Sunday, 28 February 2016

Vectorization

When programs require crunching of numbers a bottleneck that can always occur is how long it takes. Sometimes these things can't be avoided, especially if the issue is just have a lot of elements to parse through. But there are some tricks that programmers can use to make sure the problem doesn't occur. One of these is Vectorization. Vectorization is the process of rewriting a loop so that instead of processing a single element, it can process multiple elements simultaneously. 

To show this in action I used the following code:


#include <stdio.h>
#include <stdlib.h>
#define N 1000
int main()
{
    int array1[N], array2[N];
    srand(time(NULL));
    int i;
    for (i = 0; i < N; i++) {
            array1[i] = rand() % (1000 + 1 - 0) + 0;
    }  
    for (i = 0; i < N; i++) {
            array2[i] = rand() % (1000 + 1 - 0) + 0;
    }
  
    long int total = 0;
    int array3[N];
    for (i = 0; i < N; i++){
        array3[N] = array1[i] + array2[i];
    }
    for (i = 0; i < N; i++){
        total += array3[N];
    }
    printf("\nThe total is: %d\n", total);
}
   
The code above creates two 1000-element integer arrays and fills them with random numbers, then sums those two arrays to a third array, and finally sums the third array to a long int and prints the result.

I compiled the code with the command line: gcc -O3 -o vect vect.c
The -O3 - allows options for vectorization.

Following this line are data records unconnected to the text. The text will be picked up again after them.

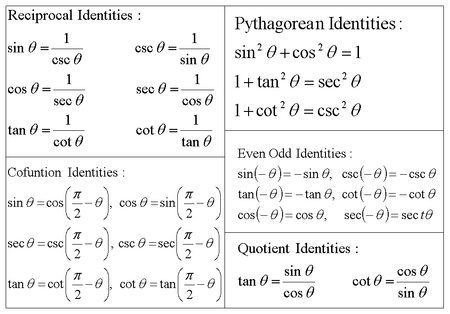 Trigonometric Identities and Functions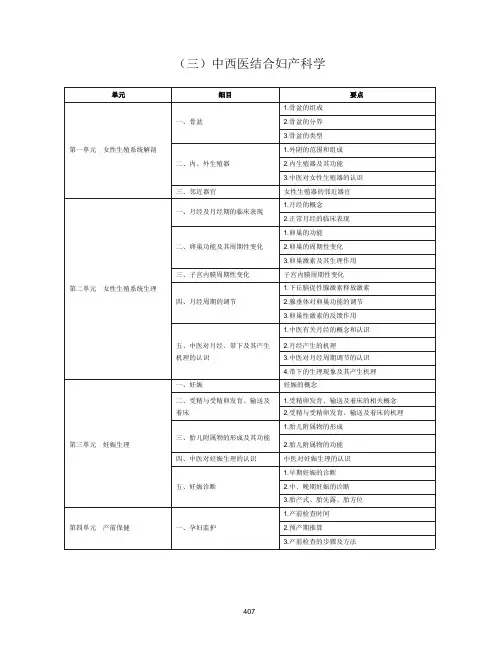 2020年中西医助理医师考试《中西医结合妇产科学》大纲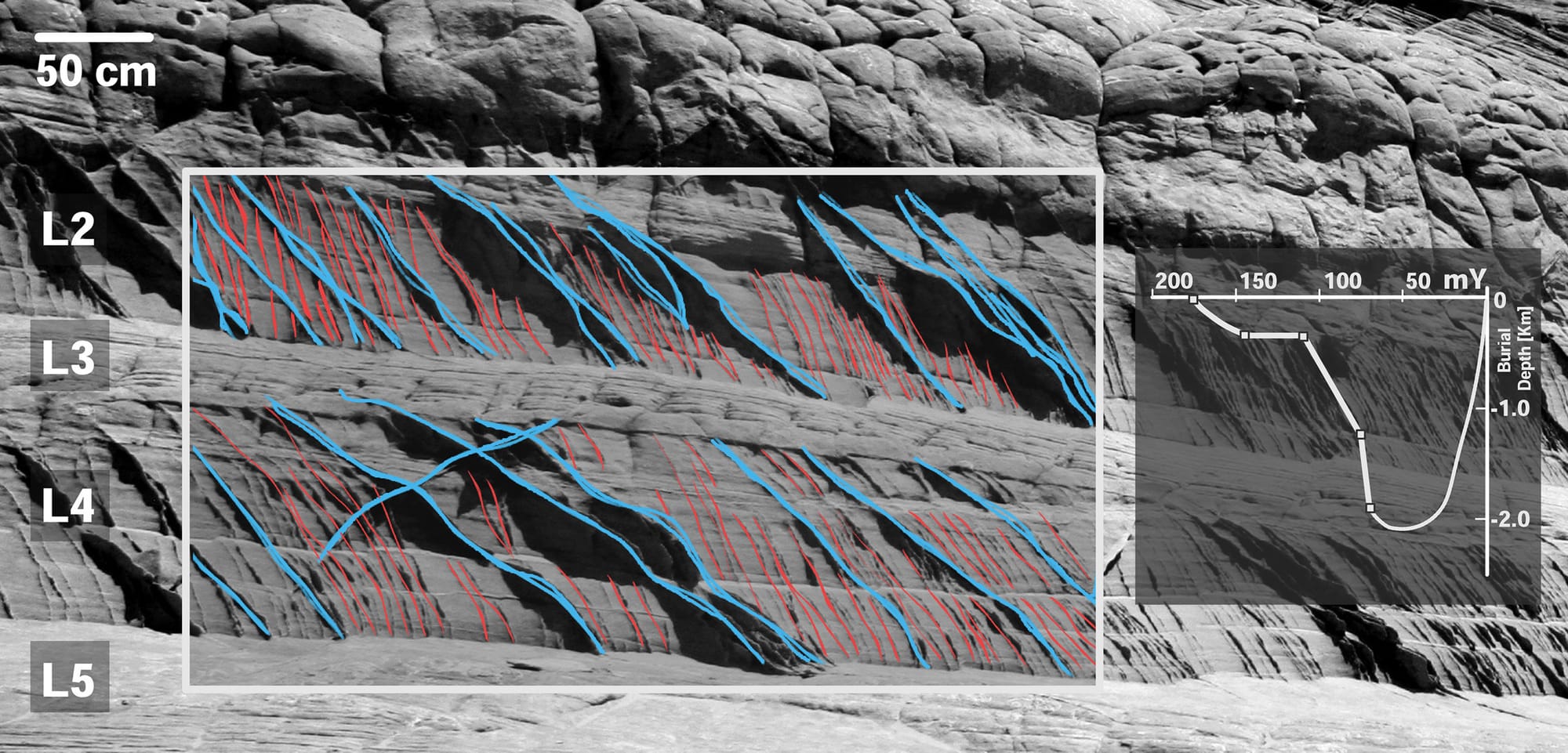 The Role of Stratigraphy and Loading History in Generating Complex Compaction Bands in Idealized Field‐Scale Settings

Here is a portion of the objdump of main:


  402388: 91420222  add x2, x0, #0x80, lsl #12
  40238c: 3c407c00  ld1 {v0.2d}, [x0]
  402390: 3cdf7c21  ld1 {v1.2d}, [x1], #16
  402394: 3e61d400  fadd v0.2d, v0.2d, v1.2d
  402398: 4c9f2c00  st1 {v0.2d}, [x0], #16
  40239c: eb02001f  cmp x0, x2

Looking at the objdump, the intrsuctions new to me are st1 and ld1. Looking it up,st1 stores a single element structure to one lane of of one register. ld1 on the other hand loads a single element structure instead. Those two commands seem to help the process of vectorization.

Algorithm Selection

During this lab, the class was tasked with two separate ways of scaling a sound sample. The first was a signed 16 bit integer with a scaling factor expressed as a floating point. The second was with a pre computed lookup table. The class would have to find out which approach is the fastest and for different architectures.

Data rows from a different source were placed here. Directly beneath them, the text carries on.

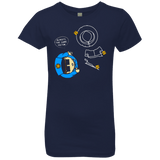 T-Shirts Midnight Navy / YXS ALWAYS THE SAME VICTIM Girls Premium T-Shirt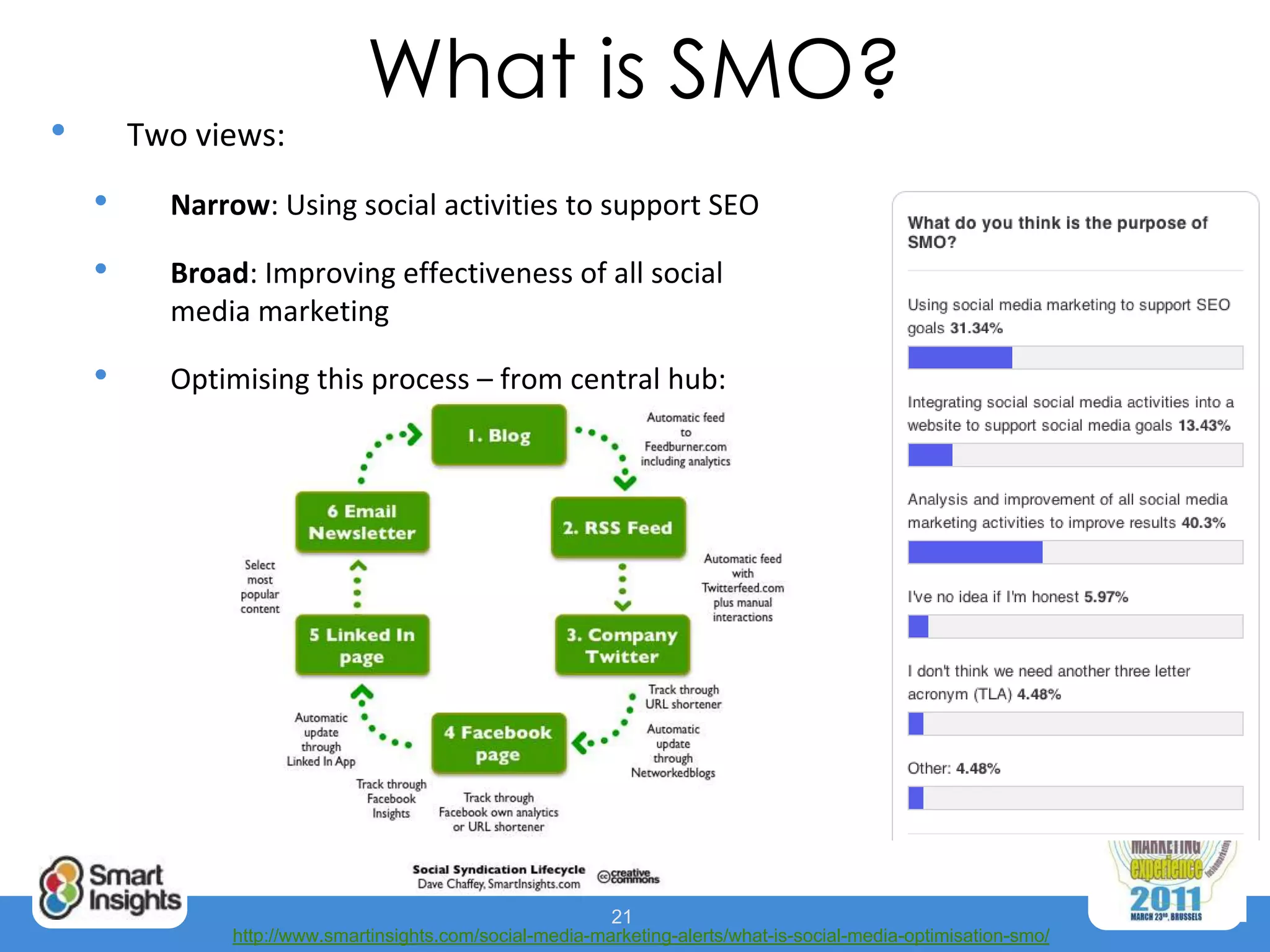 What is SMO?
•       Two views:
    •     Narrow: Using social activities to support SEO

    •     Broad: Improving effectiveness of all social
          media marketing

    •     Optimising this process – from central hub:




                                                          21
              http://www.smartinsights.com/social-media-marketing-alerts/what-is-social-media-optimisation-smo/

The following code is the cut down version for easier understanding and would not run directly as is:


#define MAX 1550000
#define FACTOR 0.500

int main() {
        int16_t* meth1 = (int16_t*) malloc(MAX * 2);
        int16_t* meth2 = (int16_t*) malloc(MAX * 2);
        int i;
        sample = (int16_t*) malloc(32768 * 2);
        int16_t* sound;
        sound = (int16_t*) malloc(MAX * 2);
        for(i=0;i<MAX;i++){
                sound[i] = rand() % 65536 - 32768;
        }

        for(i=0;i<MAX;i++){
                meth1[i] = method1(sound[i],FACTOR);
        }


        for(i=0;i<32769;i++){
                sample[i] = i * FACTOR;
        }
        for(i=0;i<MAX;i++){
                meth2[i] = method2(sound[i],FACTOR);
        }
        return 0;
}

// Method 1 Calculate result each time
int16_t method1(int16_t s,float f){
        return s*f;
}
// Method 2 Using Lookup Table to get result;
int16_t method2(int16_t s,float f){
        int16_t result;
        if(s >= 0){
                result = sample[s];
        }
        else{
                result = -sample[-s];
        }
        return result;
}
One thing to keep in mind for the code to work is that many of the variables need to be used in some shape or form. Some of the optimizations of the compiler cause certain operations to not waste time calculating if not used in another place. I've removed those parts above in the sample code to reduce verbose.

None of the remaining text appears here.